After a public hearing on June 19, the Harrison Town Council unanimously approved an agreement with Verizon FIOS to offer its fiber-optic cable in neighborhoods once monopolized by Cablevision Systems Corp. Pending approval by the state Public Service Commission, Harrison residents could begin switching from Cablevision to Verizon as early as the fall.
More than 100 residents attended Thursday’s public hearing, with most of the speakers voicing their support for cable choices within the town. Pamela Goldstein, assistant general counsel for Verizon, said, “We’re delighted to appear before you and to be taking this historic first step toward allowing Verizon to provide video choice and competition to Harrison consumers for the first time in over 40 years.”
The franchise agreement includes a variety of cable options including high definition television channels, digital video recorders and pay per view choices
Cablevision, currently the sole provider of cable services throughout Harrison, argued that residents would experience some downsides with the arrival of Verizon to the town. Adam Falk, Cablevision’s vice president for government affairs, told the town board that Verizon is not obligated to offer service to every resident of Harrison where the infrastructure does not already exist. And, according to Falk, Verizon will not offer as many channels as Cablevision does on its free service to public buildings at 39 sites in the town of Harrison, which includes schools, police headquarters, fire stations, libraries and municipal buildings.
“It’s very clear the benefit being provided by Verizon is significantly less than the benefit offered by Cablevision,” Falk told town council members. “We have the right to have competition provided fairly and equally.”
As a result of Verizon’s deal, Cablevision has asked the Town of Harrison to modify its long-term service agreement so that it more closely matches Verizon’s six-year agreement.
Goldstein argued that the Public Service Commission’s so-called “level playing field” rule allows differences in franchise terms for different companies while they introduce cable service to a community.
But in a statement, Cablevision spokeswoman Janet Meahan countered that “Verizon has shortchanged Harrison residents by denying them all the benefits afforded to Town/Village residents from Cablevision as part of its franchise. Cablevision will continue to compete vigorously and also take the necessary steps to ensure that competition remains on a level playing field.”
During Thursday’s public hearing, resident Bob Funck said Verizon installed the infrastructure to provide cable service to his Harrison housing complex about eight years ago but inexplicably never got approval to switch service on. In every surrounding community, the full range of services was available, Funck said.
Dr. Beth Lieberman of West Harrison said she’s complained about Cablevision’s service, and the lack of competition, for many years. “Our Cablevision bill is over $200-a-month just for TV,” Lieberman said. “I’m really incensed (Verizon) FIOS has not been able to give me a choice.”
Daryn Beringer of Purchase said it’s important that she has affordable, high-quality cable service including high-speed Internet to operate her global business. “Our taxes continue to rise, as do our fixed expenses,” Beringer said. “I’m certainly hoping tonight we can resolve this and get fair trade service.”

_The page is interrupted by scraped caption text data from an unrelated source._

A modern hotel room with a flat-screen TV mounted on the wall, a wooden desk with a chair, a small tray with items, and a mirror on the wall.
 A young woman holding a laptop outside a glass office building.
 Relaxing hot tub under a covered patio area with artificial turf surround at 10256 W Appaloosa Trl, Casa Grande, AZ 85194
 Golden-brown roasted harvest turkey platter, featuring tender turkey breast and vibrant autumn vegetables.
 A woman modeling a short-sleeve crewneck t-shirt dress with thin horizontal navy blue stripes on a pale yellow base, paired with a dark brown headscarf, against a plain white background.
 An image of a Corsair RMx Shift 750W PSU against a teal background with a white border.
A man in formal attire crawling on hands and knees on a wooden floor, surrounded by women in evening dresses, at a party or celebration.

Village Attorney Jonathan Kraut said that the franchise agreement with Verizon initially extends new cable choices to more than 91 percent of Harrison residents. Under the town agreement still subject to PSC approval, 100 percent service is expected after five years.
“Competition for part of the town is better than no competition at all,” Funck said.
Mayor Ron Belmont and the Town Council invited Verizon to propose a franchise agreement after repeated requests from residents to have cable service alternatives in Harrison.
Belmont thanked Thursday’s audience for “your persistence in helping us get this done.”